Por ser nativo de uma ampla área, o parasitoide tende a estar adaptado e, portanto, pode ser liberado em praticamente qualquer região do País. O pesquisador explica que a comercialização pode ocorrer para controle da mosca-das-frutas em vários estados, incluindo diversas espécies de frutíferas: mangueiras, no Nordeste; laranjais, em São Paulo; e macieiras e pessegueiros, no Rio Grande do Sul, por exemplo.
Liberação sem riscos para o meio ambiente
De acordo com Nava, não há riscos de a liberação desses parasitoides na natureza causar desequilíbrios. “Quando o parasitoide ultrapassa a curva de crescimento da praga, a população de ambos cai porque o parasitoide depende do hospedeiro para sobreviver”, afirma.
Também não há possibilidade de danos à flora local, porque as vespas são entomófagas e não fitófagas – ou seja, se alimentam de néctar e de larvas de espécies de moscas-das-frutas e não de plantas. Além disso, o foco do parasitismo é apenas duas famílias de moscas (Tephritidae e Lonchaeidae), o que não coloca em risco outros insetos.

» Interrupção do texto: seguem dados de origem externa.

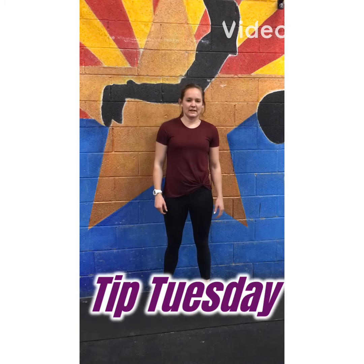For my first Technique Tuesday video, I just want to quickly go over core breathing. I have a series coming later that's going to be 5 to 7 videos that goes into more depth about engaging your core, core breathing, and also core exercises.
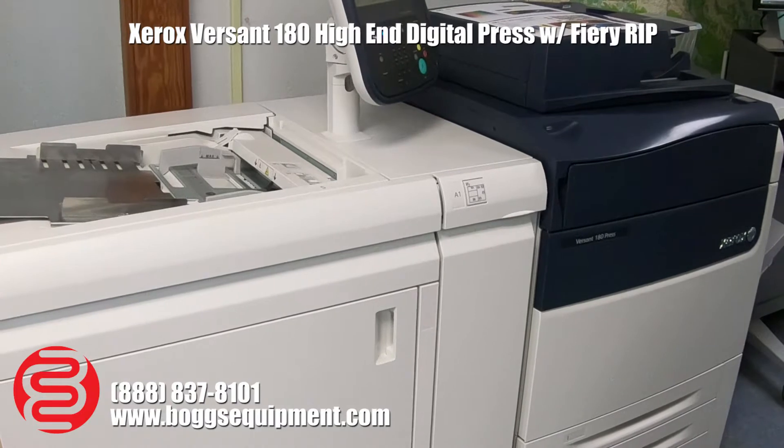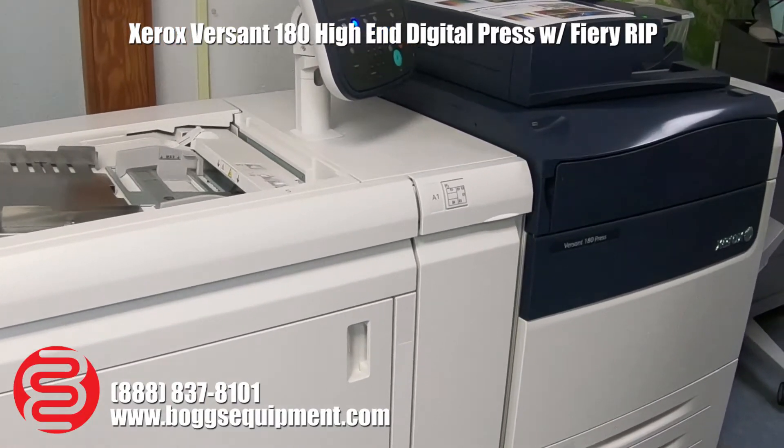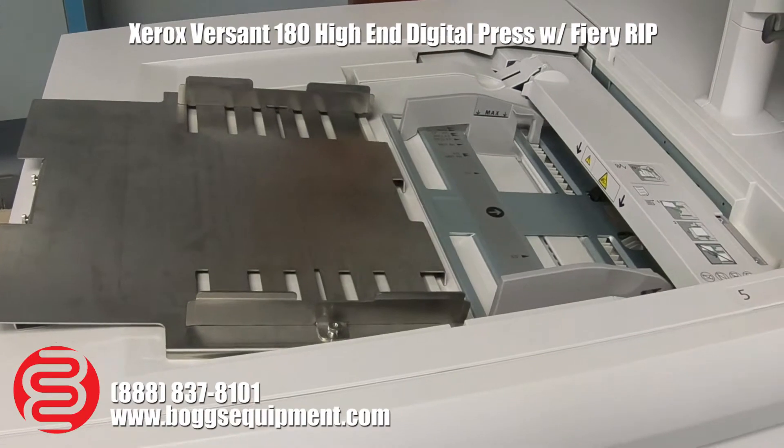Xerox Prasant 180 — 180 pages per minute, four-color printer, has four paper drawers. This is the fifth one here that it can do whatever.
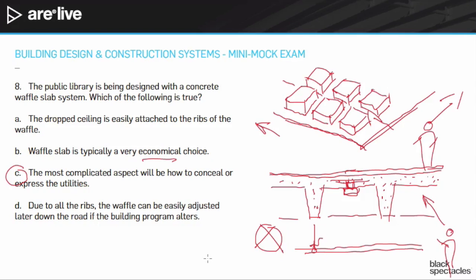Answer D: due to all the ribs, the waffle can be easily adjusted later if the building program alters. In conceptual terms, that might seem true because it is a two-way system and structural load can go in multiple directions. But anytime you're cutting a two-way concrete system filled with rebar and buried conduit, it's actually notoriously difficult to change down the road. You'll often see additions handled by putting stairs on the outside or other workarounds to avoid cutting into these very complicated structural elements.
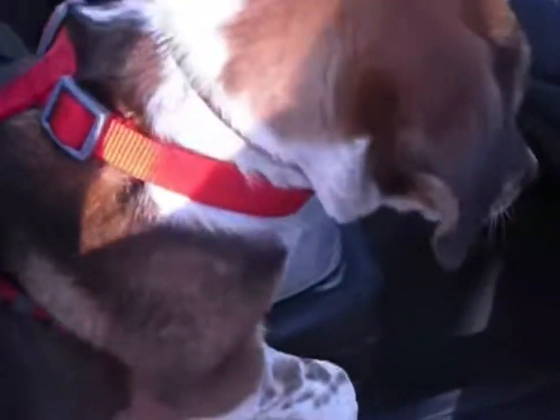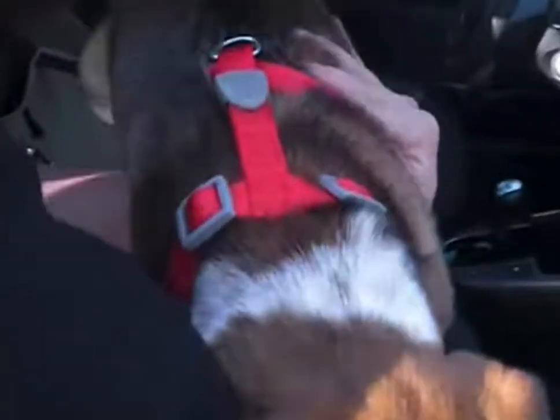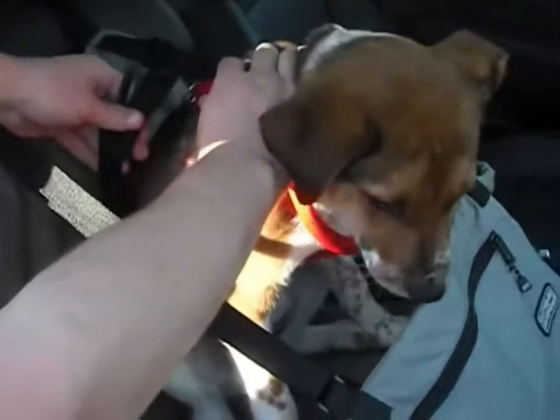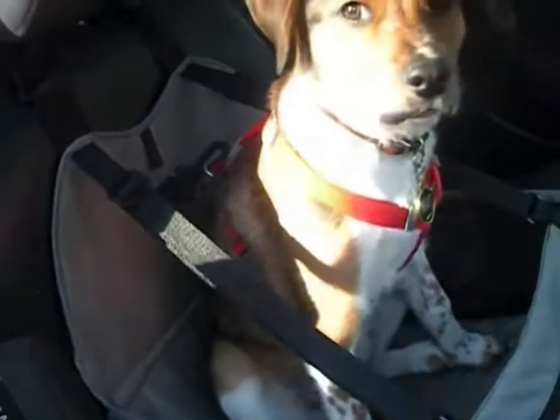She's going to go in between these two, so it helps if you take her legs and hold them together so she doesn't sprawl out. Sit her down, put her paws down, and you're going to grab this hook and clip it into her little ring on the back of her harness. And she's good to go.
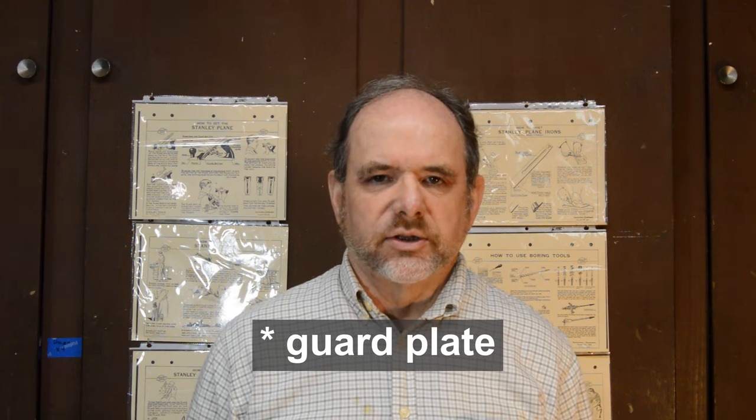In the previous video, we tested both of these planes on grooves and dados. In this video, we're going to test both planes on rabbets — cross grain and with the grain — and matching. Before we get into the actual performance test, we're going to take another look at the design of the fence and guard gate of the Stanley 46. It's actually way more clever than I thought originally. So let's get to it.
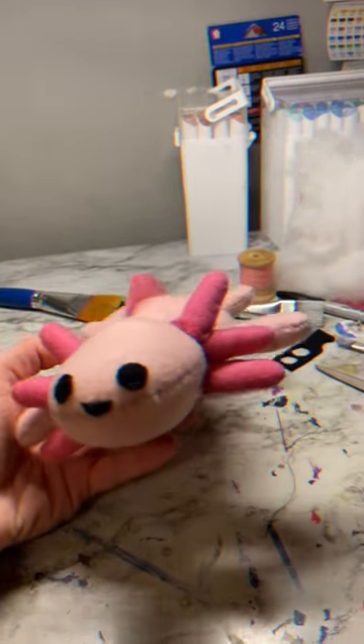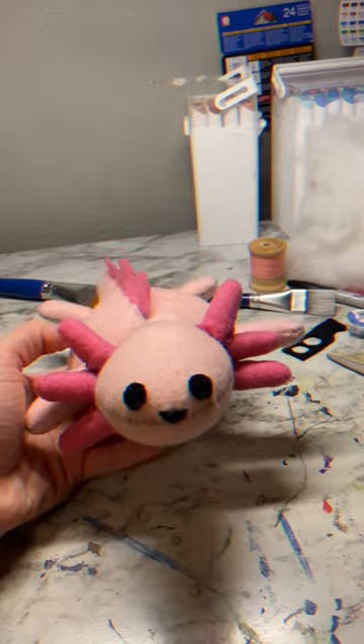And then I moved on to the eyeballs, which I quickly stitched to the head, and there we have it. Thank you for watching.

Da mesma forma, as vespas não afetam ou competem com outros parasitoides nativos similares, que também se alimentam de moscas, porque cada um tem alvo de parasitismo diferente – atacam fases (estádios) diferentes do hospedeiro. “Não tem por que se preocupar”, tranquiliza o pesquisador.
Impacto da mosca-das-frutas
Os danos causados pela mosca-das-frutas ocorrem, principalmente, pela destruição da polpa pelas larvas, o que inviabiliza a utilização das frutas para consumo in natura ou para industrialização. Além disso, os ferimentos causados durante a postura dos ovos (oviposição) também favorecem a entrada de fungos que causam podridões.
O controle biológico com uso de parasitoides entra como uma importante alternativa, uma vez que muitas frutas não têm ou possuem grade restrita de produtos registrados junto ao Mapa para o controle da mosca-das-frutas. O uso de produtos biológicos também atende a uma demanda dos consumidores, que buscam produtos cada vez mais livres de inseticidas químicos.
A mosca-das-frutas sul-americana (Anastrepha fraterculus), em especial, tem ampla distribuição no território nacional, com mais de 150 espécies hospedeiras, sendo considerada praga-chave. Nos estados do Rio Grande do Sul e Santa Catarina, é a espécie predominante, representando 95% das Anastrepha capturadas em armadilhas nos pomares.
Dados de 2015 apontam prejuízos anuais de produção e comercialização, somados a custos de controle, em torno de 180 milhões de reais na fruticultura brasileira em função das moscas-das-frutas de forma geral.